Exercise aim:
Work through the data below and copy out every line where "from" is found.

Dataset excerpts
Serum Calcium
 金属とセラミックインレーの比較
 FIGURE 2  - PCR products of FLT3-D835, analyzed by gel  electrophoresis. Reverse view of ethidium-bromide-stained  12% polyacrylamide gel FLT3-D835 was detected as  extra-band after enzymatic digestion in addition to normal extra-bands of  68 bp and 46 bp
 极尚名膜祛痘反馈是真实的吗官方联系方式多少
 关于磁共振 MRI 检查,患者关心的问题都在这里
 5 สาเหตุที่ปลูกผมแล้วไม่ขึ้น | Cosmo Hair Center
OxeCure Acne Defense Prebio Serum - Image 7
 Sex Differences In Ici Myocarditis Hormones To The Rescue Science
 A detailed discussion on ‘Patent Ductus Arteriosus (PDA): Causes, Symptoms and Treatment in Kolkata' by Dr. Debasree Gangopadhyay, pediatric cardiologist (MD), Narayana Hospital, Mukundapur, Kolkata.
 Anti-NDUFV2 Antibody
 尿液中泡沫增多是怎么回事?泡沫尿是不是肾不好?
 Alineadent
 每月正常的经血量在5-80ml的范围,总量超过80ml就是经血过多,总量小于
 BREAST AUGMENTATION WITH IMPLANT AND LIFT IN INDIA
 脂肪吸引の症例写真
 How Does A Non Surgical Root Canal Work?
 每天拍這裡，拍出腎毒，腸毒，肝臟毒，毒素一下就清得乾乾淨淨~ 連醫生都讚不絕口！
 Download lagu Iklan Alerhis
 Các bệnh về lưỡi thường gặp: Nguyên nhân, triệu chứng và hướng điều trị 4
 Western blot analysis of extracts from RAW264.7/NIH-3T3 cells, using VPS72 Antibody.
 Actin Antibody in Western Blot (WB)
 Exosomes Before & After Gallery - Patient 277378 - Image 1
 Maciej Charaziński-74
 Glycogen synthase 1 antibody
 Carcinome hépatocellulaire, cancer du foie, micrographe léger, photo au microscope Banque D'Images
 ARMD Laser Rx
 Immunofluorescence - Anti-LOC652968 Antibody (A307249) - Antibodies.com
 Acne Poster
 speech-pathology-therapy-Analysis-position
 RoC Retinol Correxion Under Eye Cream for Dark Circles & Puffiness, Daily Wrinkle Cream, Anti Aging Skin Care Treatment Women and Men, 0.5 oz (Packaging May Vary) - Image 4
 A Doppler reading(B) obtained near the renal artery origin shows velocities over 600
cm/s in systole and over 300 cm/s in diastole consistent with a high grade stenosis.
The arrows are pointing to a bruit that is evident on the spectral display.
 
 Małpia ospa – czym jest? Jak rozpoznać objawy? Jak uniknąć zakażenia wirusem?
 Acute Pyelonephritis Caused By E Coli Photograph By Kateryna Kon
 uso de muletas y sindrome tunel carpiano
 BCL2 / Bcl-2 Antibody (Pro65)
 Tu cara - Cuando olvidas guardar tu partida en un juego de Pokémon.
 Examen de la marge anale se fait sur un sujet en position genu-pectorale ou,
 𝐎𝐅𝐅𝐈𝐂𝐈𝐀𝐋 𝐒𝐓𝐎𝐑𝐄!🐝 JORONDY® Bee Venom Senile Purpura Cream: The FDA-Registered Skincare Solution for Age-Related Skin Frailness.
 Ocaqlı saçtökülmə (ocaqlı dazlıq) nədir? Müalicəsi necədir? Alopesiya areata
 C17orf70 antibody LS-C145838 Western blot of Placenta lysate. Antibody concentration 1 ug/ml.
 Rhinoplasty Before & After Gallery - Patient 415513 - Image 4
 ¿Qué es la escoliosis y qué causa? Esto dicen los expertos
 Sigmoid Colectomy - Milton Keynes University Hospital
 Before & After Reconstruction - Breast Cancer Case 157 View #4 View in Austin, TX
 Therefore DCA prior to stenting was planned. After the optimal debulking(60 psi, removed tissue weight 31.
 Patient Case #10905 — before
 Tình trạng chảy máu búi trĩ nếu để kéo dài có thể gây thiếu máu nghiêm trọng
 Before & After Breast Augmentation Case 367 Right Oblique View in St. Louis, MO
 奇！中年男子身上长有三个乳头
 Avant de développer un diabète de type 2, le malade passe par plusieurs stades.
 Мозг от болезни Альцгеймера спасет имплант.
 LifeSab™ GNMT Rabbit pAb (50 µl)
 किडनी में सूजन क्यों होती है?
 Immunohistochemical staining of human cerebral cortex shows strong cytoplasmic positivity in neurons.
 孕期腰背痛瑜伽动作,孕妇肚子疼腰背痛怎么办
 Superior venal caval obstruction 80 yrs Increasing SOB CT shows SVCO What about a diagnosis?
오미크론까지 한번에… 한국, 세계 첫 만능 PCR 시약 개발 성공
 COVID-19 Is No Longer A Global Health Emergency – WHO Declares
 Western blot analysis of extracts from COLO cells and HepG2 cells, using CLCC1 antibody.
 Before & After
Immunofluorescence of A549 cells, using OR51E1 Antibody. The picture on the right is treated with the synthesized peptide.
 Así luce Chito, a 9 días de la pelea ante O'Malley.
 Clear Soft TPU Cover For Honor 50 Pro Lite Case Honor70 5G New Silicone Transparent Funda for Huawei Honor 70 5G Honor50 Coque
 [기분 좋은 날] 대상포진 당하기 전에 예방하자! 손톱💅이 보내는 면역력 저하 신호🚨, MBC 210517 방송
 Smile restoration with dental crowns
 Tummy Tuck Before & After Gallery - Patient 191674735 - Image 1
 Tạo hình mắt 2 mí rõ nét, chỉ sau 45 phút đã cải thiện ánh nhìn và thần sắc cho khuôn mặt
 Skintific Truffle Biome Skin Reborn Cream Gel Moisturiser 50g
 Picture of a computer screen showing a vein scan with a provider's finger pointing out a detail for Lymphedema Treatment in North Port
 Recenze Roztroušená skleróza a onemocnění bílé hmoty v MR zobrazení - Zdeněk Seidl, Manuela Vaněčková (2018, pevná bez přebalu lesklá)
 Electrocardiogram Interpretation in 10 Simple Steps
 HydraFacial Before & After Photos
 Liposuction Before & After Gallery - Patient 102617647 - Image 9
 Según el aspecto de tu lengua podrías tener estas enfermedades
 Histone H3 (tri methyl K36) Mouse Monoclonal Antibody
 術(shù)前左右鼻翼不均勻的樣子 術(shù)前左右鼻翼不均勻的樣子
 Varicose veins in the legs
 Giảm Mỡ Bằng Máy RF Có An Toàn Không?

Exercise result:
 Western blot analysis of extracts from RAW264.7/NIH-3T3 cells, using VPS72 Antibody.
 Western blot analysis of extracts from COLO cells and HepG2 cells, using CLCC1 antibody.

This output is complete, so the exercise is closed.